> **PROBLEM REQUIREMENTS**
Retype the listing below line for line, but only from the line with "Empty glass with" down to the line with "PA license plate MRD7829", inclusive. Pictures stay out.

> **INPUT**
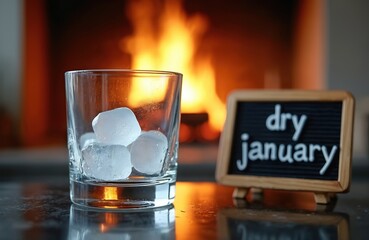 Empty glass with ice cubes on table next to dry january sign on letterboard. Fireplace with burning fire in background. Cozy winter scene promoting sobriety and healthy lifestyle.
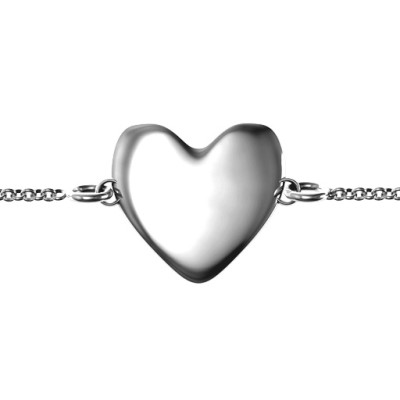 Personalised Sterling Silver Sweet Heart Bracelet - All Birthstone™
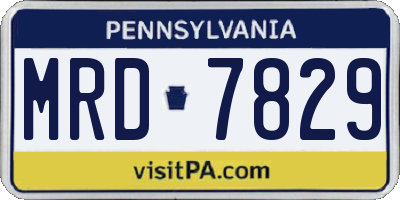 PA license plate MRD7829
---
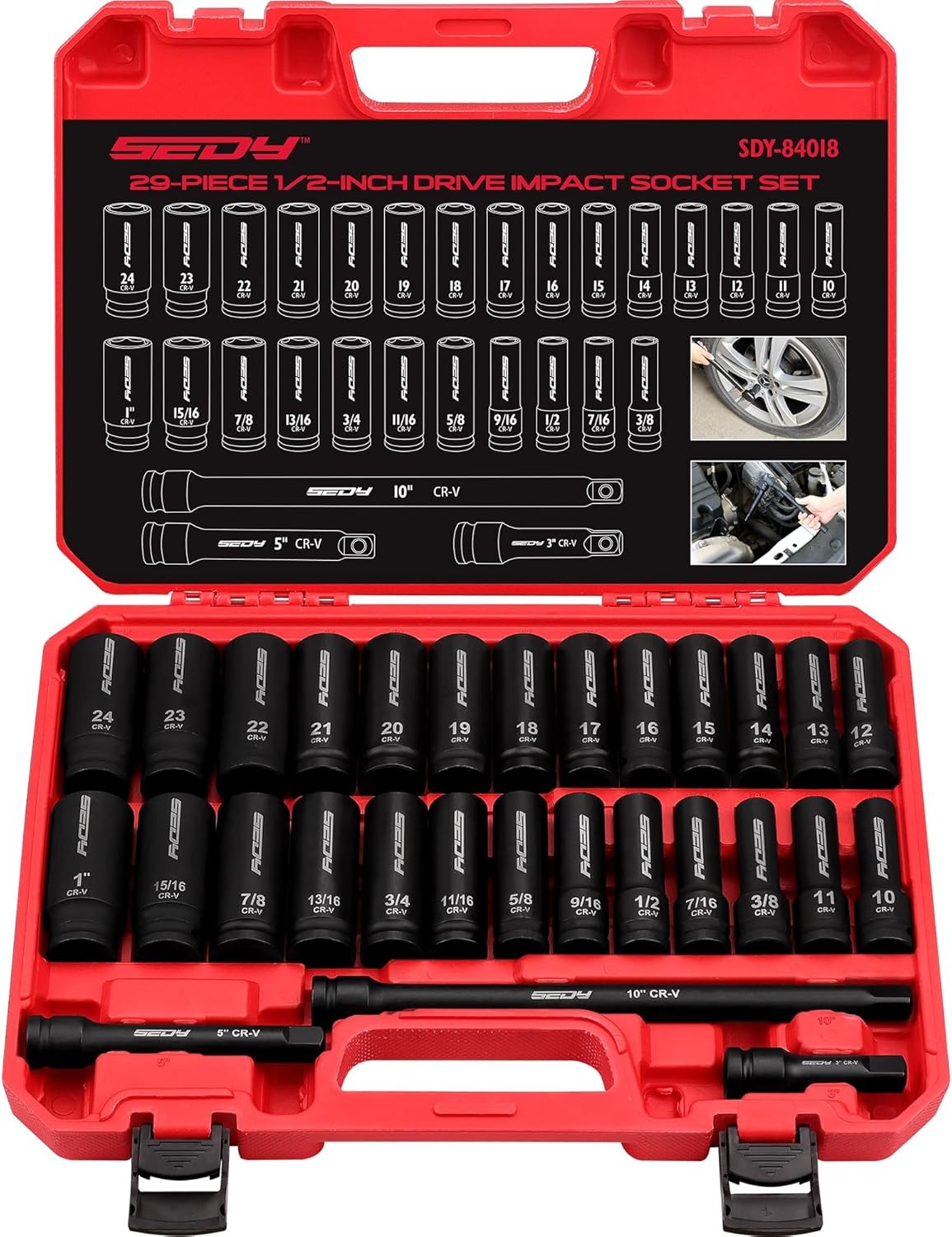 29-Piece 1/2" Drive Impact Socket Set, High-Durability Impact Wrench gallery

> **EXERCISE SOLUTION**
 Empty glass with ice cubes on table next to dry january sign on letterboard. Fireplace with burning fire in background. Cozy winter scene promoting sobriety and healthy lifestyle.
 Personalised Sterling Silver Sweet Heart Bracelet - All Birthstone™
 PA license plate MRD7829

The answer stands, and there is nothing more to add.